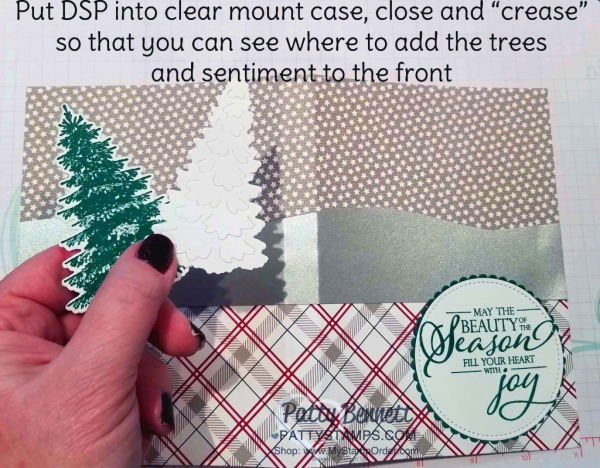 Step by Step for the To Do List gift idea!  Use a mini legal pad and a Stampin' Up! clear mount case to create a fun gift or keep it for your own list making and note taking!  Featruring Winter Woods set and Festive Farmhouse designer paper. by Patty Bennett www.PattyStamps.com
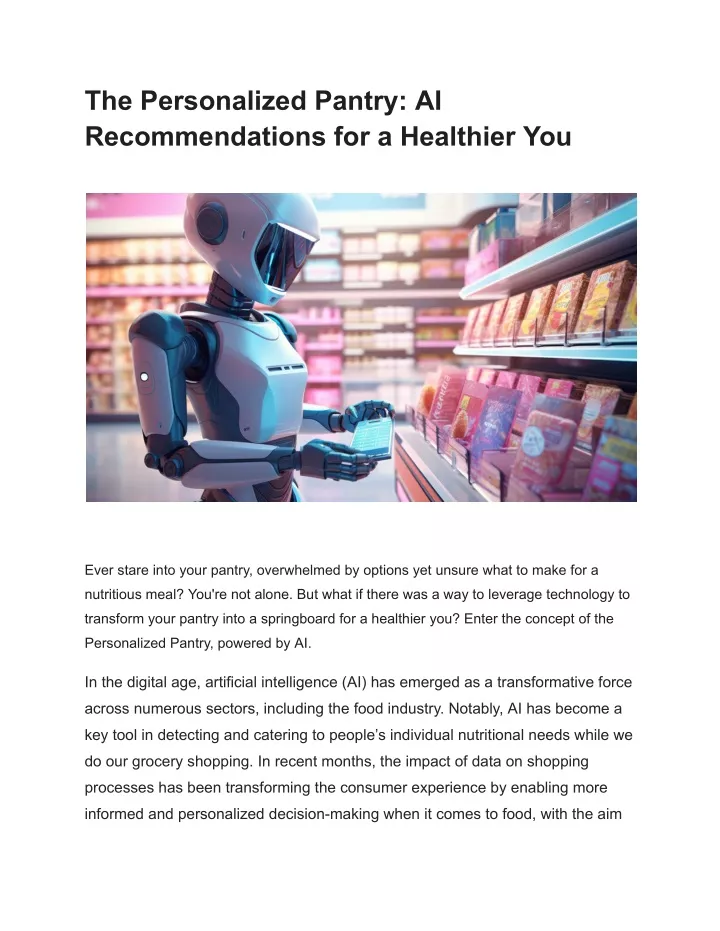 the personalized pantry ai recommendations
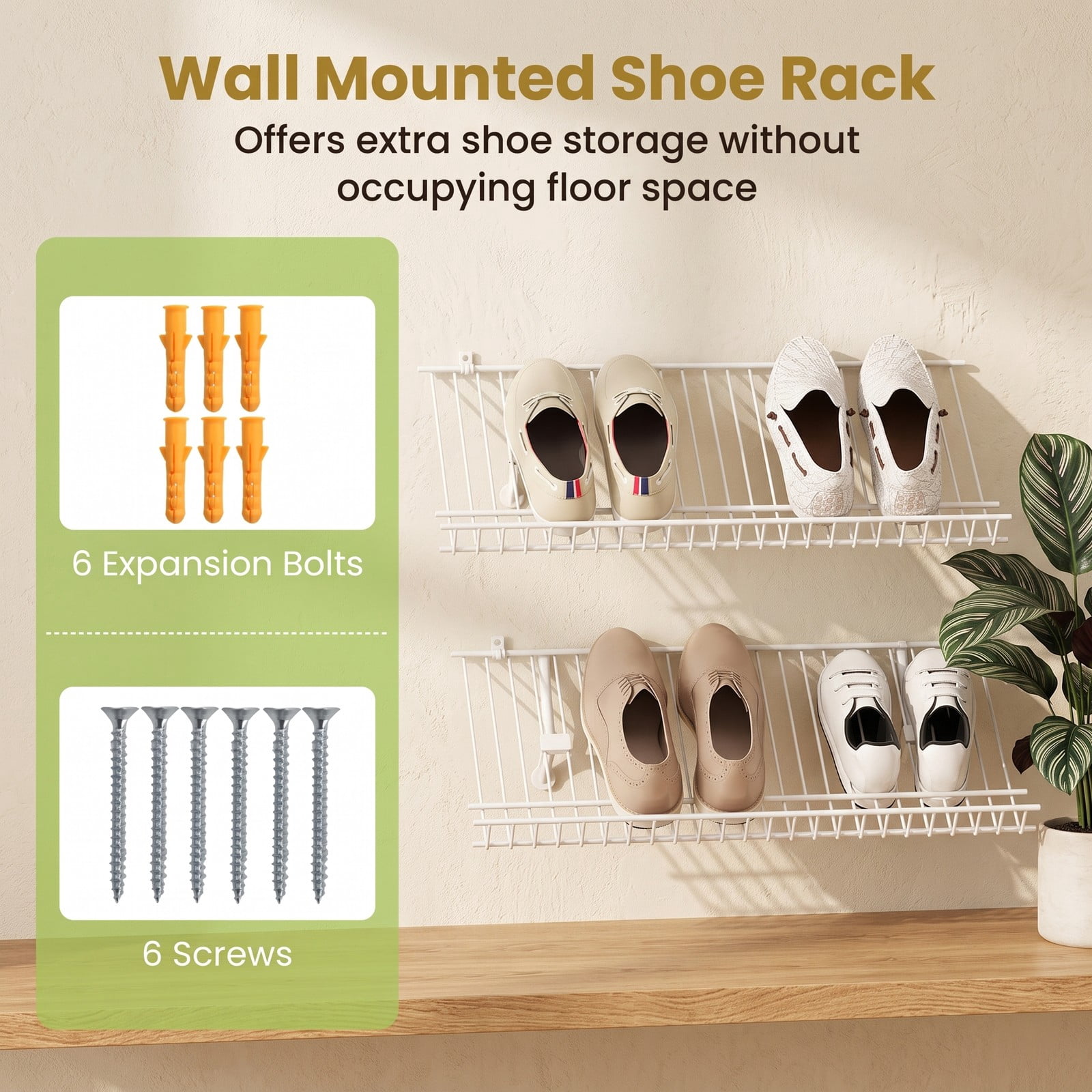 Furnibear Set of 2 Wall Mounted Metal Wire Closet Shelves and Shoe Racks for Entryway and Small Closet Organization, White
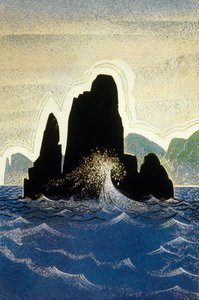 Homérosz Odüsszeiája : Gortyne sziklája, Theo Schmied metszete, 1930-33 színes litográfia alkotó: Francois Louis Schmied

About this task —
Print only the lines from the one with "the personalized pantry ai recommendations" through the last line of the data above, exactly and with both ends, and please omit any pictures.

Exercise output —
 the personalized pantry ai recommendations
 Furnibear Set of 2 Wall Mounted Metal Wire Closet Shelves and Shoe Racks for Entryway and Small Closet Organization, White
 Homérosz Odüsszeiája : Gortyne sziklája, Theo Schmied metszete, 1930-33 színes litográfia alkotó: Francois Louis Schmied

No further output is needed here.